* [RECORDED DATA]:
################
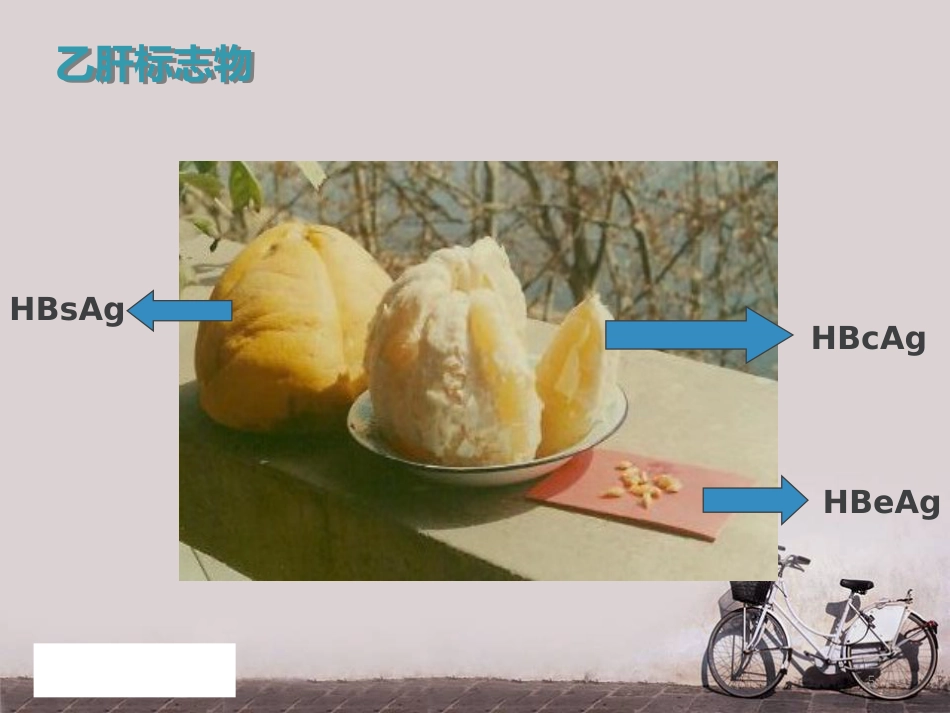妊娠合并乙肝--PPT课件_第5页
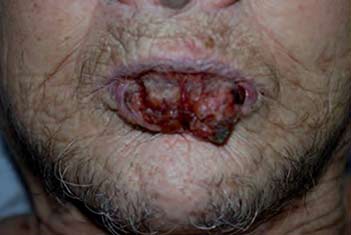 Figura 2. Paciente con carcinoma escamocelular agresivo del labio inferior. La evaluación no demostró compromiso metastásico ganglionar o sistémico
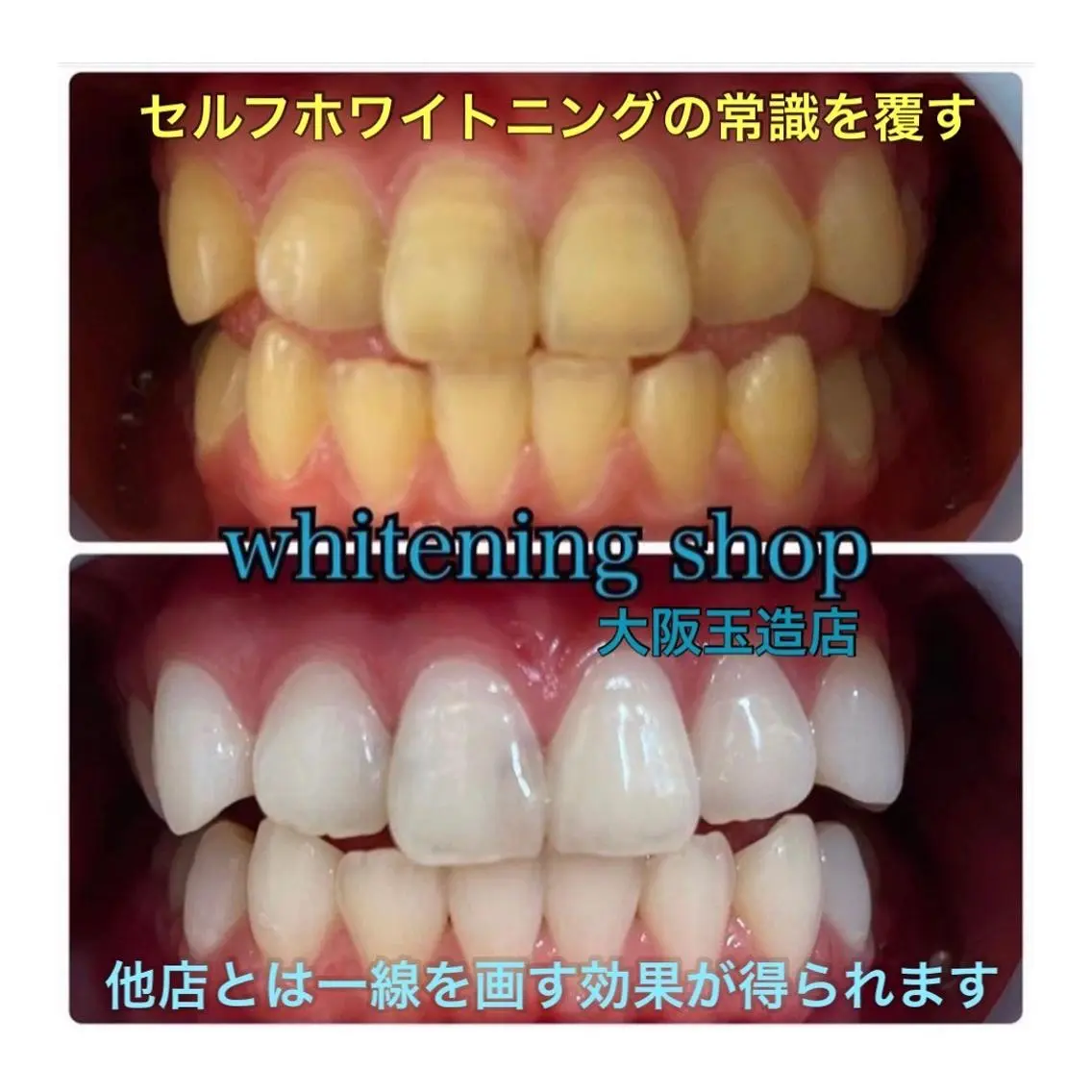 メンズ エステ リラク ホワイトニング ショップ船橋店🦷のエステ・リラクイメージ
################
* [WORK INSTRUCTIONS]: Repeat only the lines from the one with "Figura 2. Paciente" through the end of the data, both included and exactly as written. Pictures stay out of the copy.

* [TASK ANSWER]:
 Figura 2. Paciente con carcinoma escamocelular agresivo del labio inferior. La evaluación no demostró compromiso metastásico ganglionar o sistémico
 メンズ エステ リラク ホワイトニング ショップ船橋店🦷のエステ・リラクイメージ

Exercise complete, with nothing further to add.